◆ RECORDS SHOWN
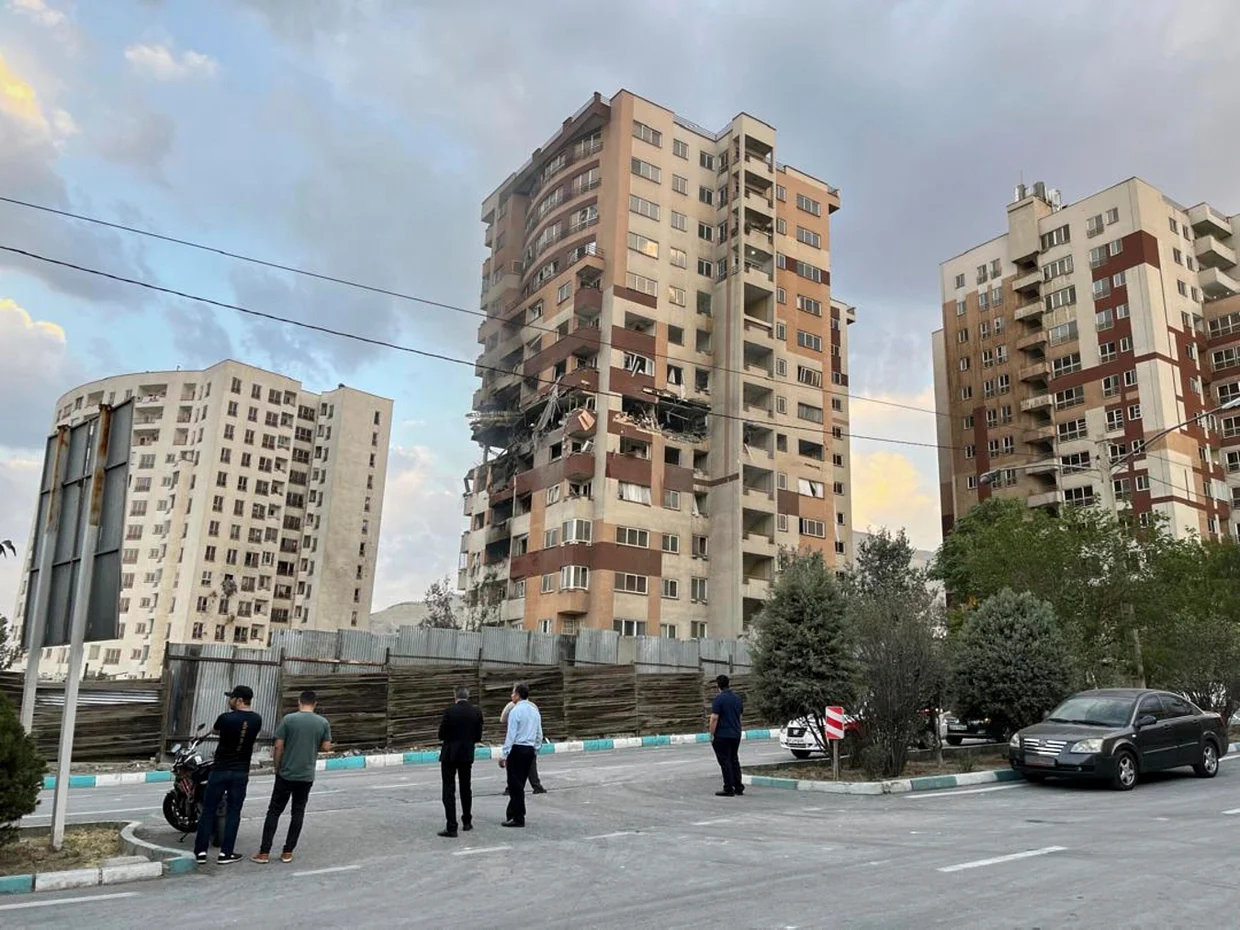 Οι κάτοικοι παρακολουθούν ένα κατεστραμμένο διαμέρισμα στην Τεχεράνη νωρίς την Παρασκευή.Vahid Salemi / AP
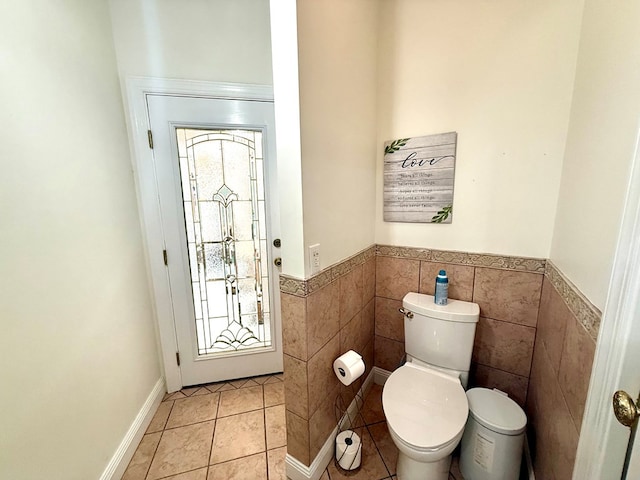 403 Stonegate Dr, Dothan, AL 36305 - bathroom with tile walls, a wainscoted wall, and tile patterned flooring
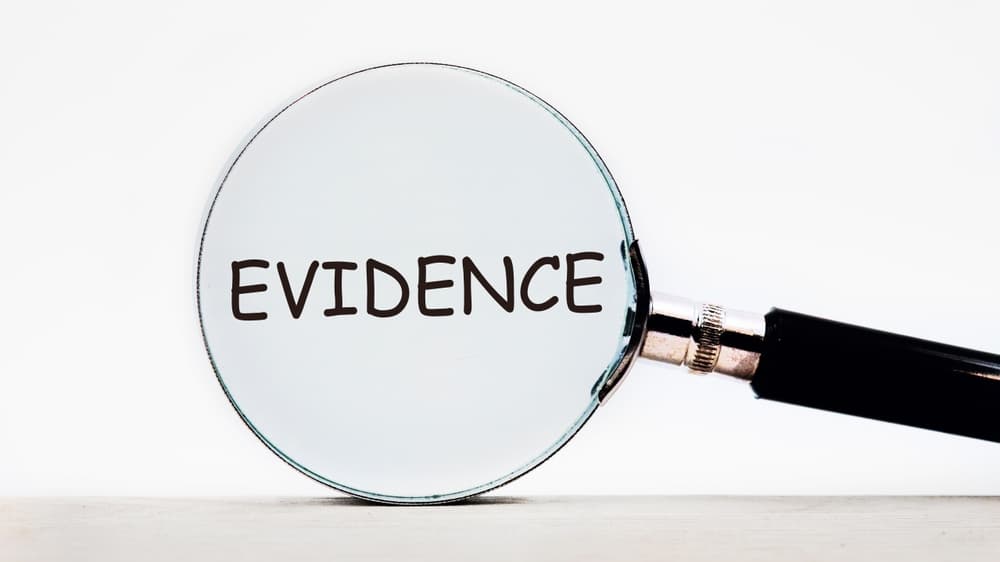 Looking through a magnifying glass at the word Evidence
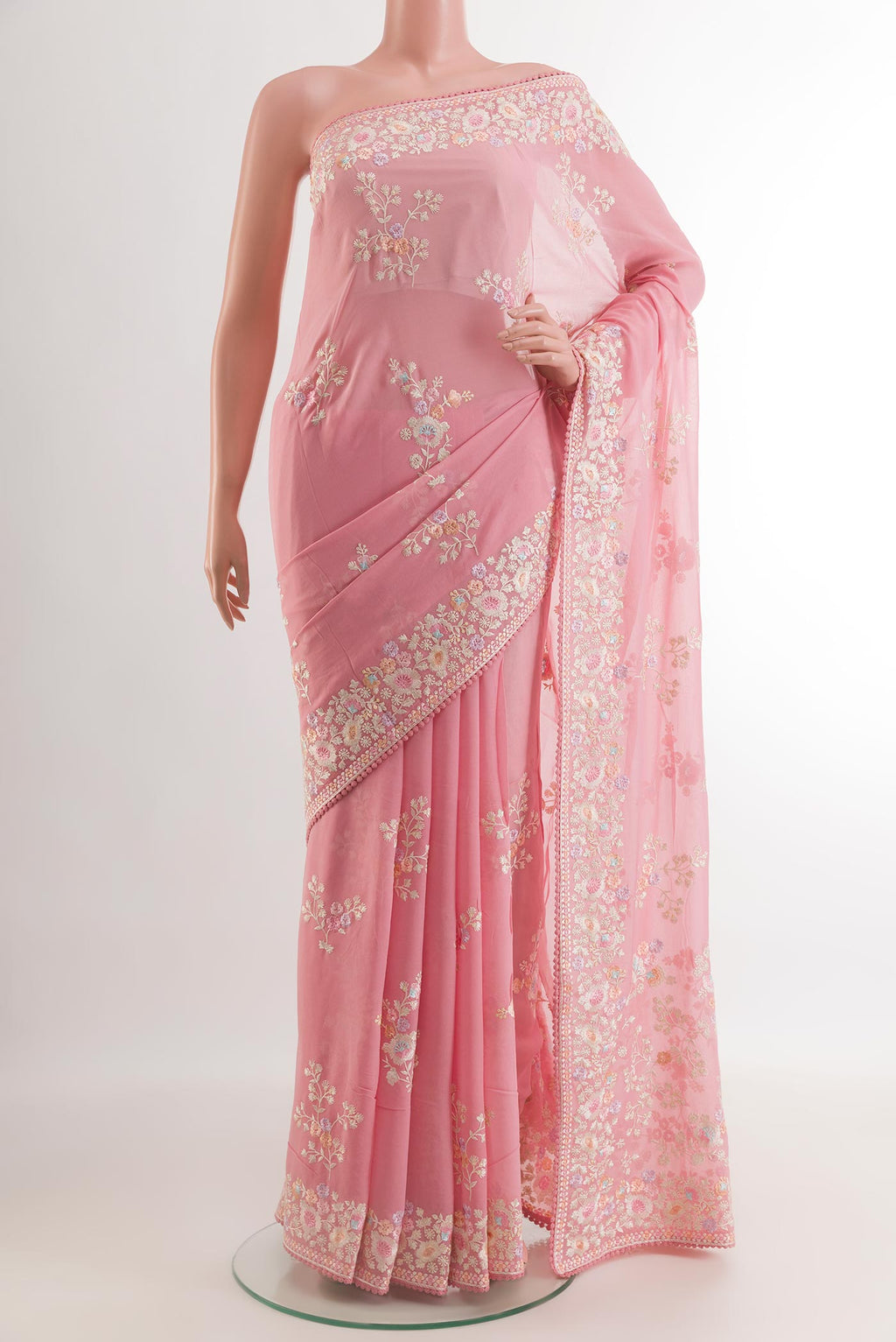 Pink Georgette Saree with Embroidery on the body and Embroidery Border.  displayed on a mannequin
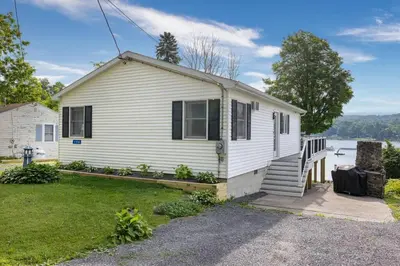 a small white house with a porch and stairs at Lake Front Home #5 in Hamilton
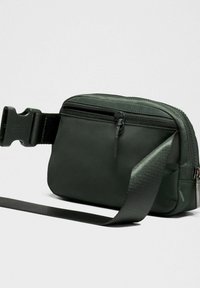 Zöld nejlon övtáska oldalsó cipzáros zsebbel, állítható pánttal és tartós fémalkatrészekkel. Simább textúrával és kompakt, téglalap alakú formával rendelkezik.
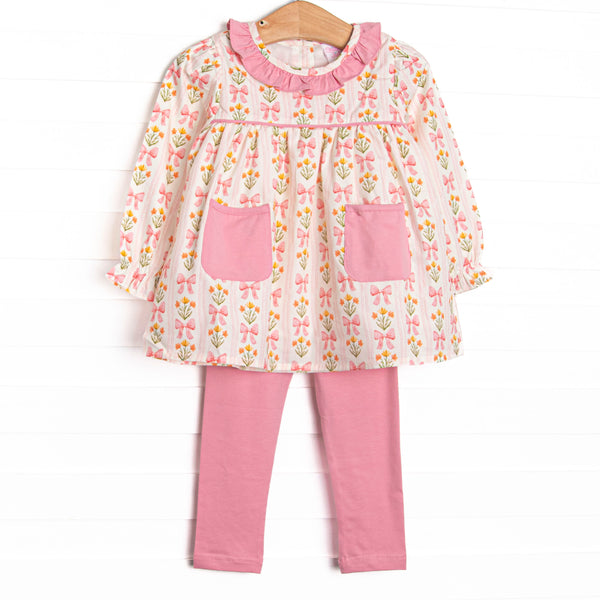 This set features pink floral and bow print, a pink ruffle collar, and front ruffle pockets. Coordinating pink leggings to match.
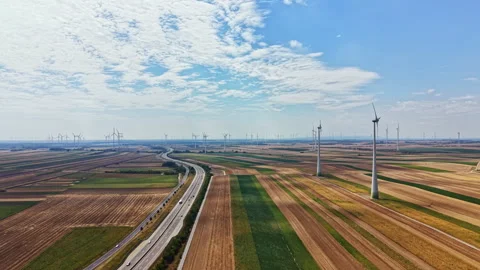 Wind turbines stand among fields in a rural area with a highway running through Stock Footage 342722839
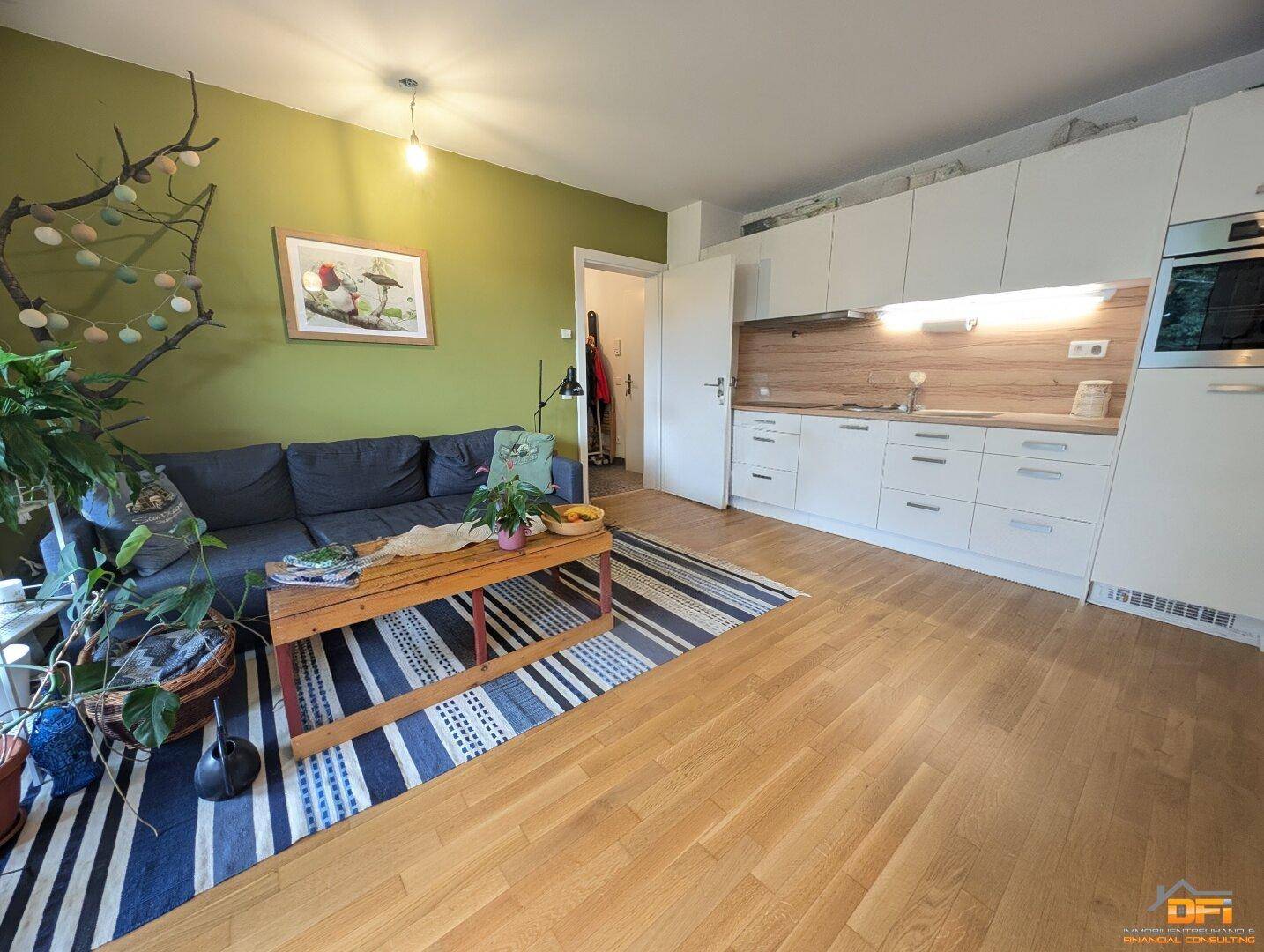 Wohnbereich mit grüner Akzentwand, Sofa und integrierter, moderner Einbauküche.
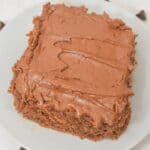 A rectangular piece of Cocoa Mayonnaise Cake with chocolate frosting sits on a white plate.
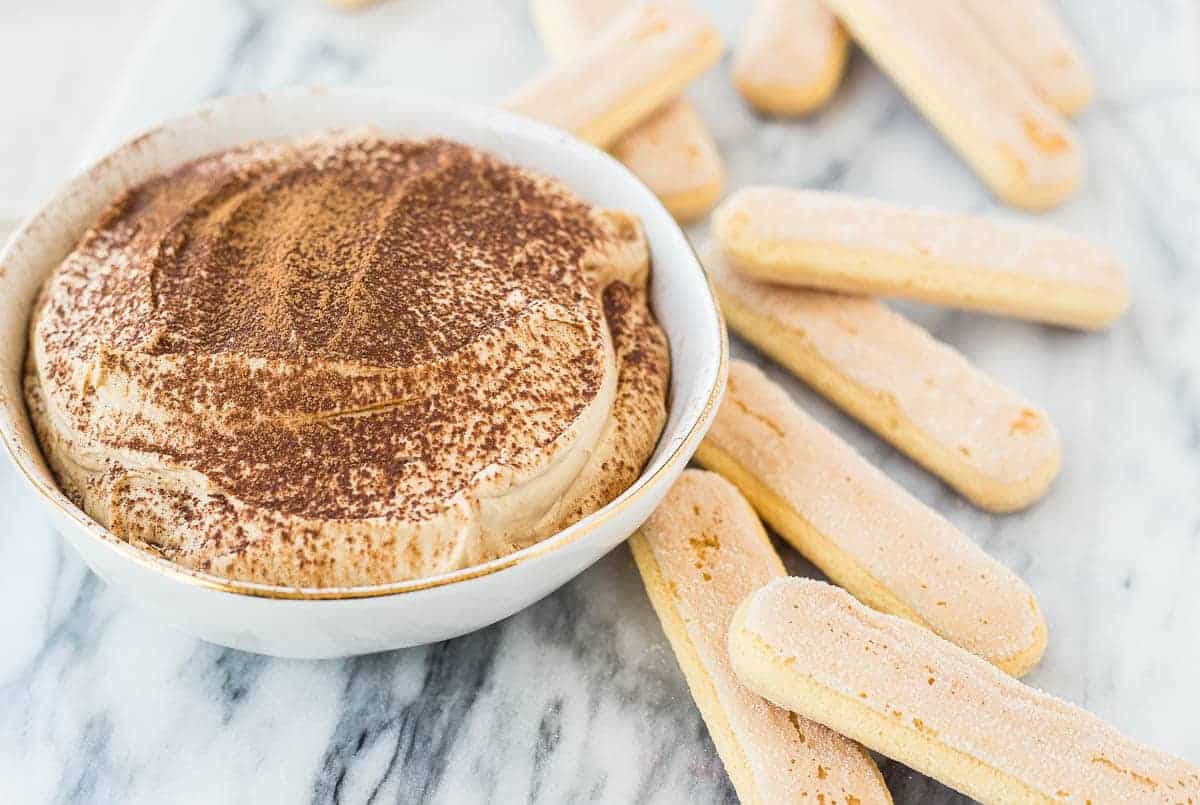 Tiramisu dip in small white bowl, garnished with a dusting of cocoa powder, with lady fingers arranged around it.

◆ INSTRUCTIONS TO FOLLOW
Only the text of the material belongs in your copy, which must match the original exactly.

◆ ANSWER TO THE EXERCISE
 Οι κάτοικοι παρακολουθούν ένα κατεστραμμένο διαμέρισμα στην Τεχεράνη νωρίς την Παρασκευή.Vahid Salemi / AP
 403 Stonegate Dr, Dothan, AL 36305 - bathroom with tile walls, a wainscoted wall, and tile patterned flooring
 Looking through a magnifying glass at the word Evidence
 Pink Georgette Saree with Embroidery on the body and Embroidery Border.  displayed on a mannequin
 a small white house with a porch and stairs at Lake Front Home #5 in Hamilton
 Zöld nejlon övtáska oldalsó cipzáros zsebbel, állítható pánttal és tartós fémalkatrészekkel. Simább textúrával és kompakt, téglalap alakú formával rendelkezik.
 This set features pink floral and bow print, a pink ruffle collar, and front ruffle pockets. Coordinating pink leggings to match.
 Wind turbines stand among fields in a rural area with a highway running through Stock Footage 342722839
 Wohnbereich mit grüner Akzentwand, Sofa und integrierter, moderner Einbauküche.
 A rectangular piece of Cocoa Mayonnaise Cake with chocolate frosting sits on a white plate.
 Tiramisu dip in small white bowl, garnished with a dusting of cocoa powder, with lady fingers arranged around it.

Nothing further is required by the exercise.